Gregor Bloéb (born 3 January 1968 in Innsbruck, Austria) is an Austrian theater, film, and television actor.

== Life ==

=== Career ===
Bloéb first gained fame in 1990 by impersonating the mayor's and hotelier's son "Stefan Wechselberger" in Felix Mitterer's Piefke Saga, in which his brother Tobias Moretti also starred.

After six years of directing the Theatersommer Haag, Adi Hirschal handed over this position to Gregor Bloéb at the end of 2008, who played "Phileas Fogg" in Around the World in Eighty Days. Bloéb played the leading role in the play Cyrano de Bergerac in the first year of the artistic directorship.

Apart from acting, Bloéb also devotes himself to music. His band Gregor Bloéb und seine Tantiemen is now known far beyond the borders of Tyrol with its program consisting of music and comedy.

From March 2006 Gregor Bloéb took part in the 2nd season of the ORF show Dancing Stars alongside his dance partner Michaela Heintzinger as a celebrity dancer. He had to leave the show after the 5th round, on April 7.

In the film Keinohrhasen (2007) he plays a couple with his wife Nina Proll, in a guest role.
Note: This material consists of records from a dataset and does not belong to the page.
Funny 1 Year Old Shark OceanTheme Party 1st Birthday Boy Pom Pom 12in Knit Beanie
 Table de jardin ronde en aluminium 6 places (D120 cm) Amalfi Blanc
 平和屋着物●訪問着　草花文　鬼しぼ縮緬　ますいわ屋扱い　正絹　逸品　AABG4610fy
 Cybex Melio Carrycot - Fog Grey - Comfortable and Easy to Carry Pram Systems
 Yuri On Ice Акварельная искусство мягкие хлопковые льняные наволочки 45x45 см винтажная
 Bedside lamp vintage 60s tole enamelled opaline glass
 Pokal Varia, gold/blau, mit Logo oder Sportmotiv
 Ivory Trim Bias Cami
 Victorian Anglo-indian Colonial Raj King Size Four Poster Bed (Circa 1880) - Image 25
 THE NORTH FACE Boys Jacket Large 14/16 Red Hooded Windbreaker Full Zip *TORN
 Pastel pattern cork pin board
In 2010, he played Bushido's tour manager Marek Lieberberg in the Bushido biopic Zeiten ändern dich.

In 2013 he played Franz Jägerstätter in the eponymous drama Jägerstätter by Felix Mitterer, the premiere was on June 20, 2013, at the Theater in der Josefstadt. In the same year, he played Sigismund in the remake of Ralph Benatzky's Singspiel The White Horse Inn. It was based on the old Berlin comedy The White Horse Inn by Oskar Blumenthal and Gustav Kadelburg. Bloéb thus follows in the footsteps of the 1952 film adaptations by Ulrich Beiger and Gunther Philipp, which still flickered across the screen with the legendary Hugo Lindinger – he played the mayor. At Stiegl's Bockbierfest in the city of Salzburg, the first clips of the reimaging with Bloéb could be seen.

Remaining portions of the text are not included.